[GIVEN INFORMATION]
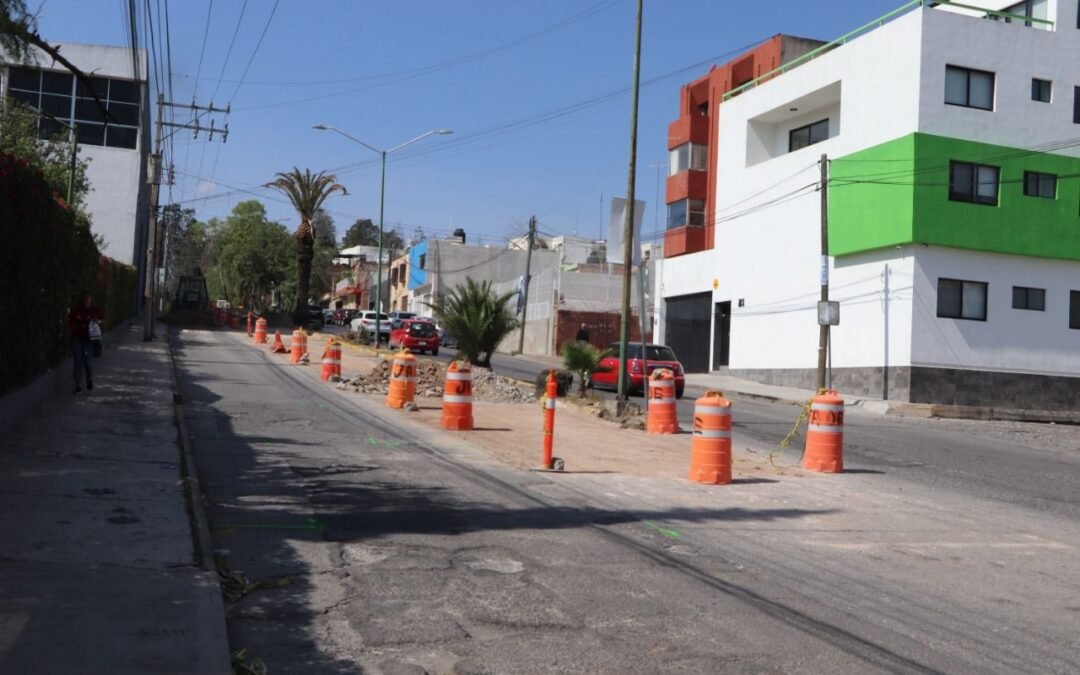 Desviación en Av. de los Pinos por rehabilitación
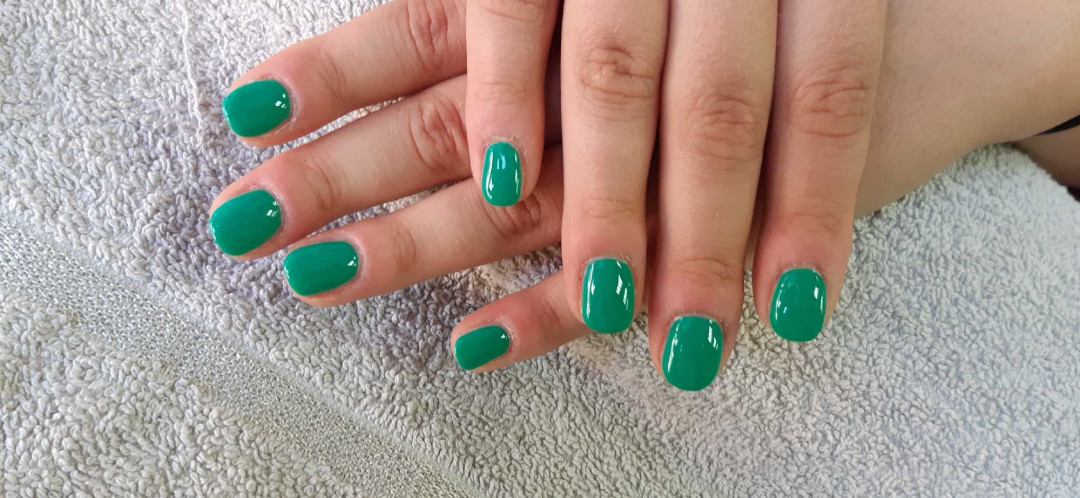 Estetik & Hairstilyst studio F #beograd Gel lak Gel lak - ruke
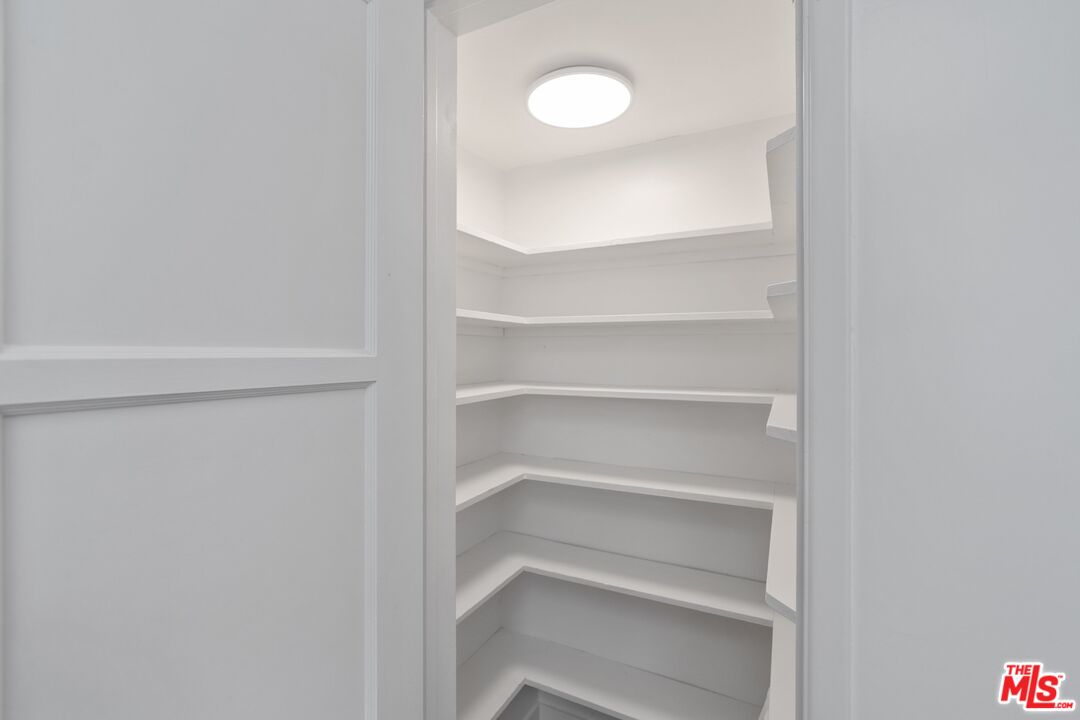 15974 Tobin Way Sherman Oaks, CA 91403 - Photo 56 of 66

[DESCRIPTION OF THE TASK] Every line above should be transcribed word for word; leave the pictures out.

[WRITTEN ANSWER]
 Desviación en Av. de los Pinos por rehabilitación
 Estetik & Hairstilyst studio F #beograd Gel lak Gel lak - ruke
 15974 Tobin Way Sherman Oaks, CA 91403 - Photo 56 of 66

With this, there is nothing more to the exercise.